Dans leur salle du Luxembourg, à la place encore chaude des Directeurs, les trois Consuls s’étaient mis à délibérer. Roger-Ducos vivait depuis six mois dans l’ombre de Sieyés ; brusquement, il passa dans celle de Bonaparte. Il lui dit : « Il est bien inutile d’aller aux voix pour la présidence, elle vous appartient de droit. » À ces mots, Sieyès fit la grimace. Bonaparte s’en aperçut et, d’un mouvement d’esprit prompt comme l’éclair, s’arrêta immédiatement à un parti qui marquait sa primauté et ménageait en même temps les susceptibilités de son collègue.

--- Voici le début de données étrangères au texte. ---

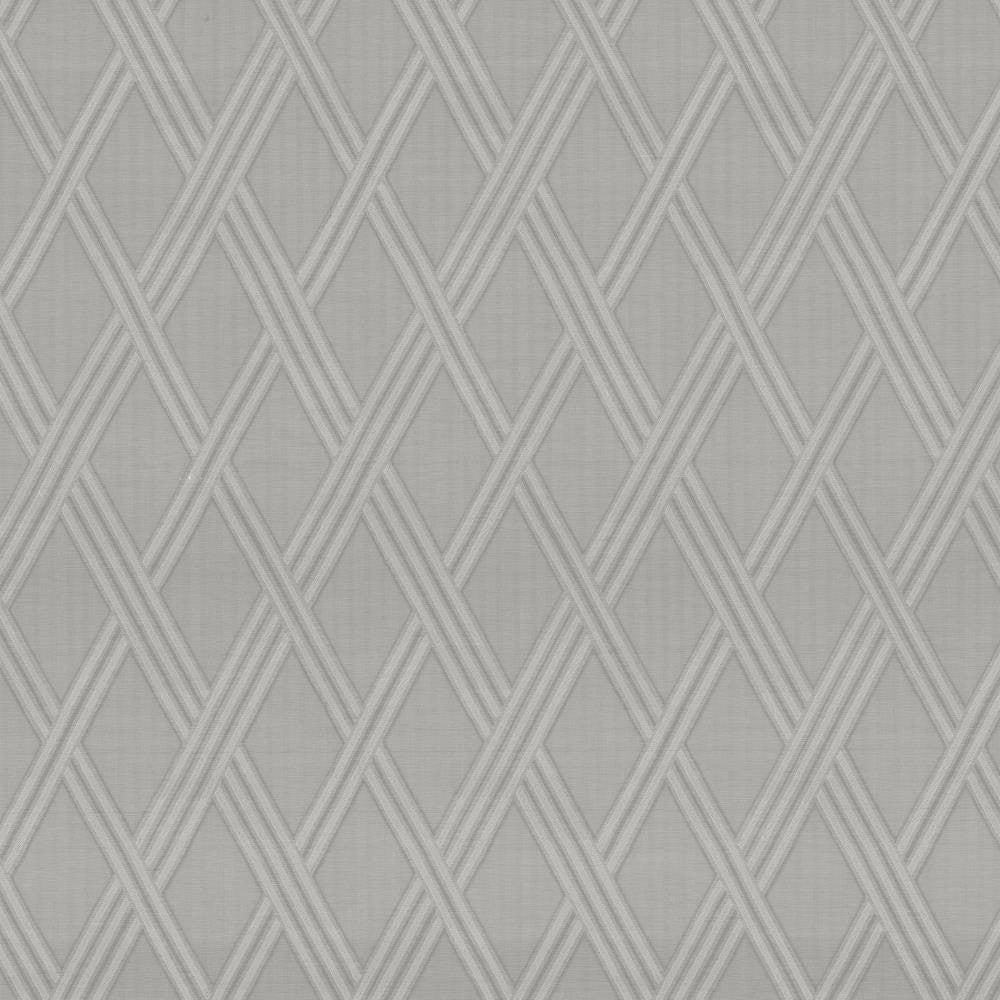 Fenwick Steel by Kasmir Fabric 1443 100% Polyester TURKEY Not Tested H: 11 inches, V:19 6/8 inches 55 - 56 - Fabric Carolina - Kasmir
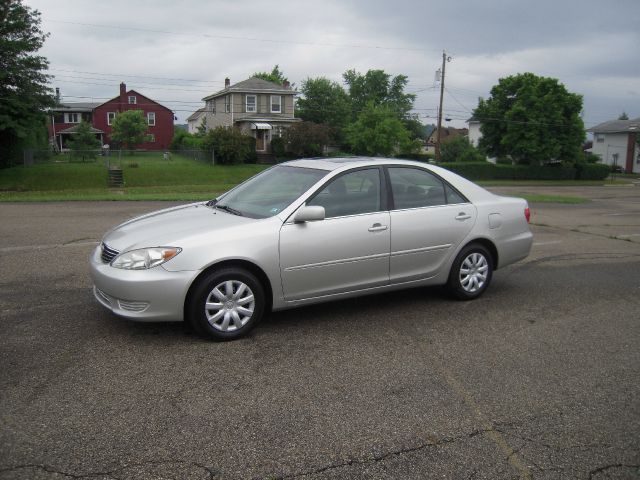 2005 Toyota Camry X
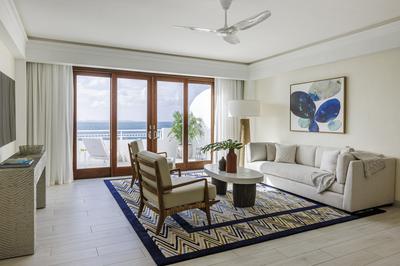One Bedroom Beachfront Suite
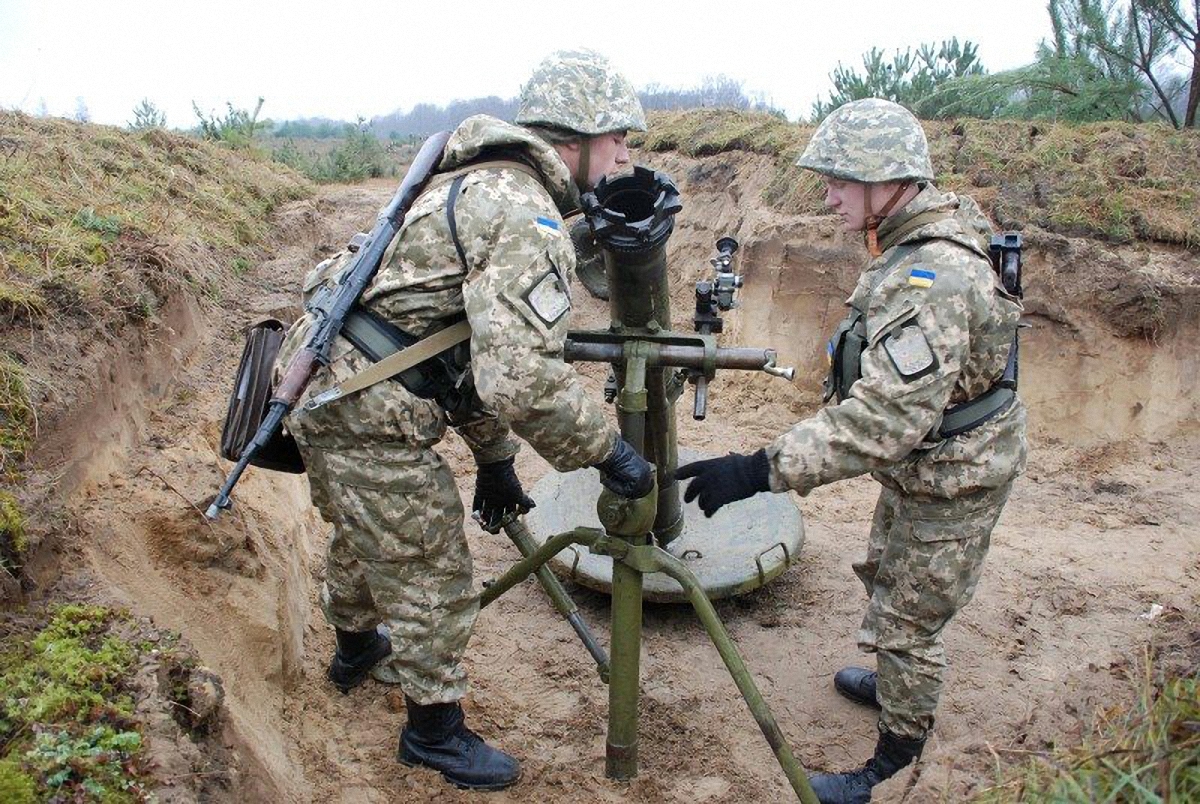 Министр обороны приказал провести экспертизу минометов-убийц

Il prit le fauteuil, mais ce fut pour demander qu’il n’y eût point de présidence permanente. On décida qu’à tour de rôle et par ordre alphabétique chacun des trois gouvernans serait Consul de jour ; en cette qualité, il présiderait la séance, signerait le premier les arrêtés, se tiendrait pendant vingt-quatre heures au Luxembourg en permanence, pour conférer avec les autorités et pourvoir aux mesures d’urgence. Bonaparte inaugura cette fonction ; après quoi, le roulement s’établit[2].

En fait d’action directe et gouvernante, Sieyès tenait moins aux réalités qu’aux apparences. Ses goûts, ses aptitudes le portaient à se confiner dans l’élaboration de l’avenir, à préciser sa fameuse constitution, à la faire accepter par ses collègues et par les commissions législatives ; il se réservait le pouvoir

  1. Rapport de police du 12 pluviôse. Archives nationales, AF, IV, 1329.
  2. Eclaircissemens inédits de Cambacérès, communiqués par M. le comte de Cambacérès. Ainsi se concilient la version primitive, accréditée par Bonaparte. et la version rétablie par M. Aulard d’après les pièces officielles : Registre des délibérations du Consulat provisoire, p. 5.